§ **Task**
Pictures in the material below are to be left out, and only the lines from the line with "During a site" up to and including the line with "The 2014 Toyota" are to be written out exactly.

§ **Material provided**

◆ ◆ ◆

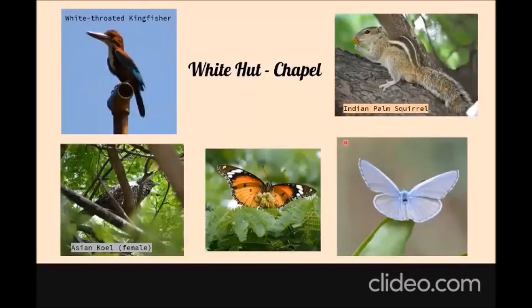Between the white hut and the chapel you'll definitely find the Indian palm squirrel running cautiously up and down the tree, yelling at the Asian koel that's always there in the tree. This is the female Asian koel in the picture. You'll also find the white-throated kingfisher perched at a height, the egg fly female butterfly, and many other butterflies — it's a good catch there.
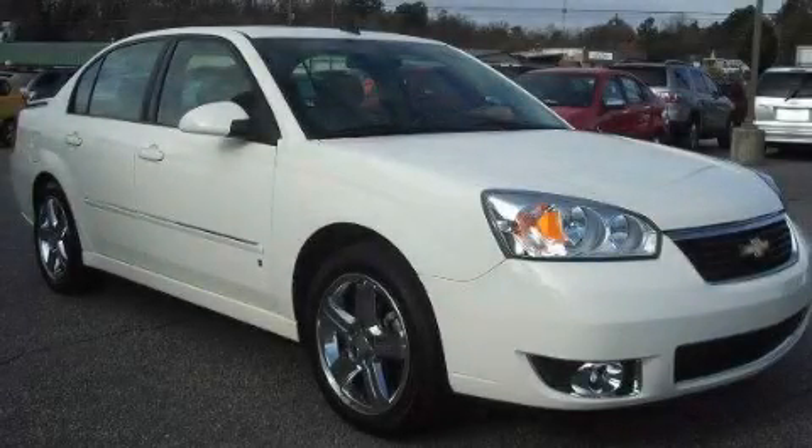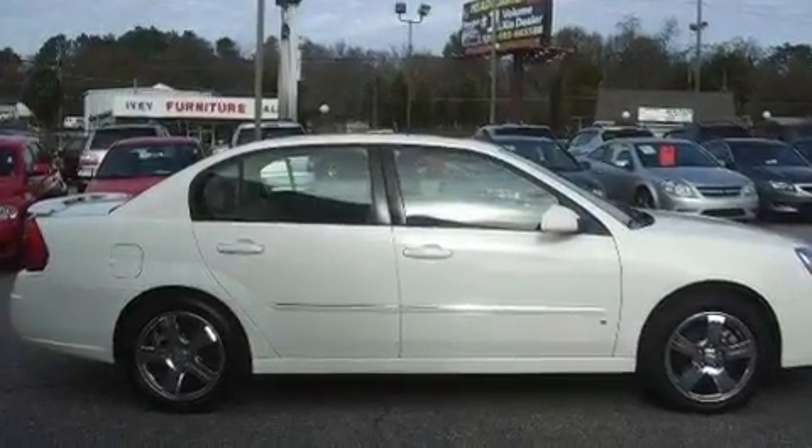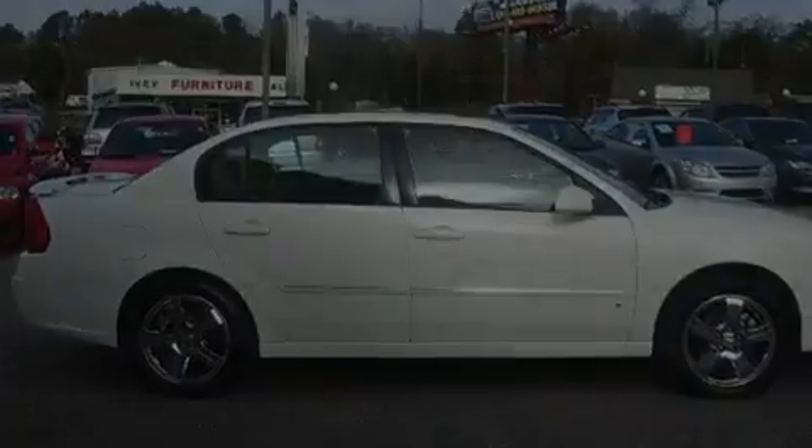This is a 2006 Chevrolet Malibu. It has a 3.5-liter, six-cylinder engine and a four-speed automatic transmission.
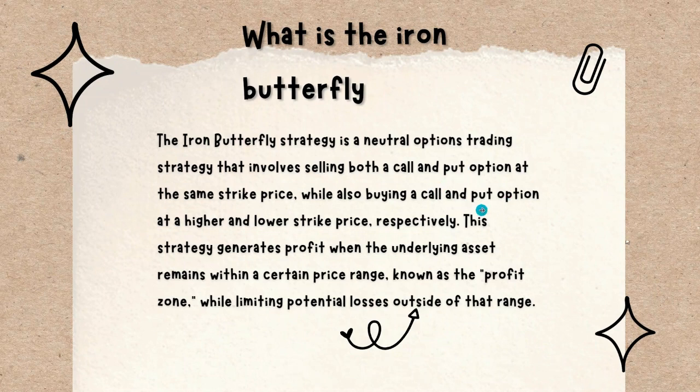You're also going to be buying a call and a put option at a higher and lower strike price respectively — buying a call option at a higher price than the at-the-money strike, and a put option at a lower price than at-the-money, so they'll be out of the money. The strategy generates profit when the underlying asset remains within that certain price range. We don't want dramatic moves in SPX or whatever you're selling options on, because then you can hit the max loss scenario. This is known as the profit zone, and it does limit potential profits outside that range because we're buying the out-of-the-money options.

◆ ◆ ◆

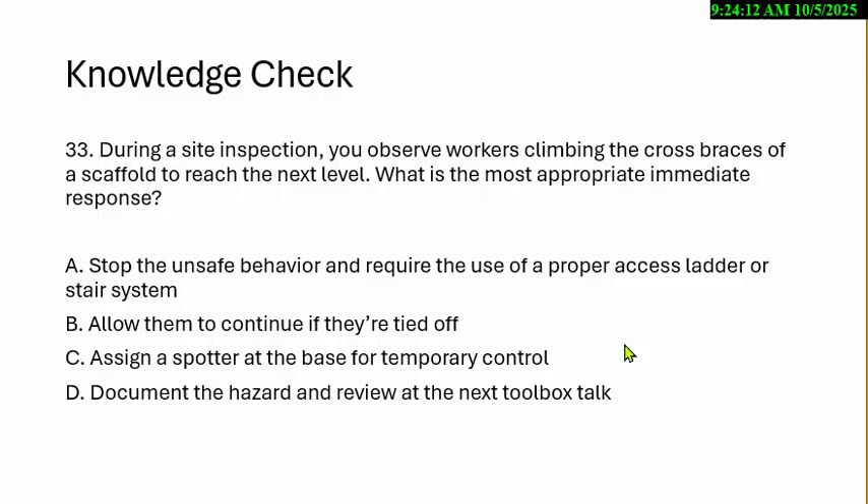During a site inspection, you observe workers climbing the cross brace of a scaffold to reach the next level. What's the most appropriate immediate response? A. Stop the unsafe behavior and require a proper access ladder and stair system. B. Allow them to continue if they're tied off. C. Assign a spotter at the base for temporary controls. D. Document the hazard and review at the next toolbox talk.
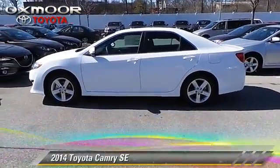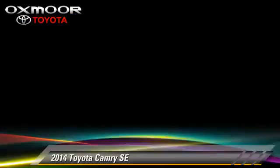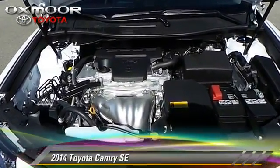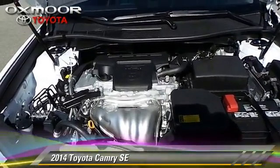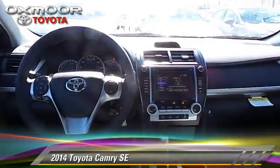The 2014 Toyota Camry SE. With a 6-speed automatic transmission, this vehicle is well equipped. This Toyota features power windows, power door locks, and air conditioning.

◆ ◆ ◆

§ **Response area**
During a site inspection, you observe workers climbing the cross brace of a scaffold to reach the next level. What's the most appropriate immediate response? A. Stop the unsafe behavior and require a proper access ladder and stair system. B. Allow them to continue if they're tied off. C. Assign a spotter at the base for temporary controls. D. Document the hazard and review at the next toolbox talk.
The 2014 Toyota Camry SE. With a 6-speed automatic transmission, this vehicle is well equipped. This Toyota features power windows, power door locks, and air conditioning.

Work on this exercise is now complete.